After conducting dozens of coupling test runs using PreCICE v3.1.2, I observed that occasionally, an extremely small max-time-step-size issue arises, causing the simulation to hang indefinitely. This occurs because once the time step becomes excessively small, OpenFOAM gradually increases its allowed step size, leading to negligible progress in physical time—effectively stalling the simulation.
To mitigate this issue, I implemented a temporary variable (timestepBeforeTiny_) to store the normal OpenFOAM-determined time step (timestepSolverDetermined) just before the problem occurs. This allows me to force OpenFOAM to revert to the previously recorded stable step size, quickly restoring normal simulation progress.
I noticed that this problem happens more frequently when I use relatively large time-window-size and more participants. For instance, in the tests involving 4 participants, this problems happens every 3 out of 10 runs.
@Ya_Squall thank you for reporting this! There were a couple of related bugs in v3.1.2, which must have been fixed in v3.2.0. I strongly suggest that you upgrade. Read the announcement:
Regarding the change in the OpenFOAM adapter, feel free to open a pull request if you think this is something we should anyway add:
In some situations you may need to extend a substep to prevent a tiny final substep.
This is covered here:
In essence, you define a min timestep size and check if the remainder of the time window is larger than the desired time step plus the min time step size. If that is not the case, then you finish the time window.

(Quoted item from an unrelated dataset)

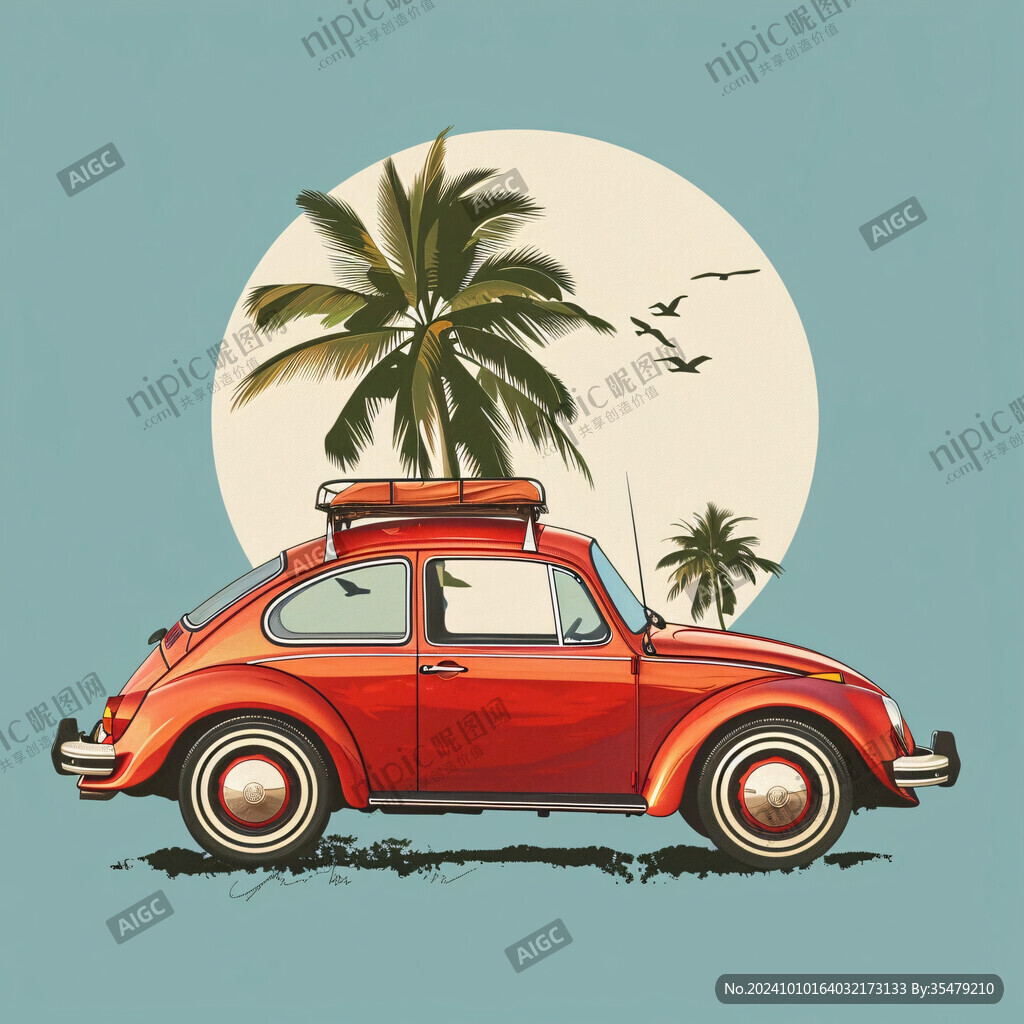 旅行旅游自驾游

I believe this is already implemented in the OpenFOAM adaptor, and also in my own code:
double tolerance = 1e-12;
if (precice_->getMaxTimeStepSize() - timestepSolverDetermined > tolerance)
{
timestepSolver_ = timestepSolverDetermined;
}
else if (timestepSolverDetermined - precice_->getMaxTimeStepSize() > tolerance)
{
timestepSolver_ = precice_->getMaxTimeStepSize();
}
else
{
adapterInfo("The solver's timestep is the same as the "
"coupling timestep.", "info");
timestepSolver_ = precice_->getMaxTimeStepSize();
}
if (precice_->getMaxTimeStepSize() <= tolerance)
{
//- Such a small value can happen if you use many substeps per time window over multiple time windows due to added-up differences of machine precision.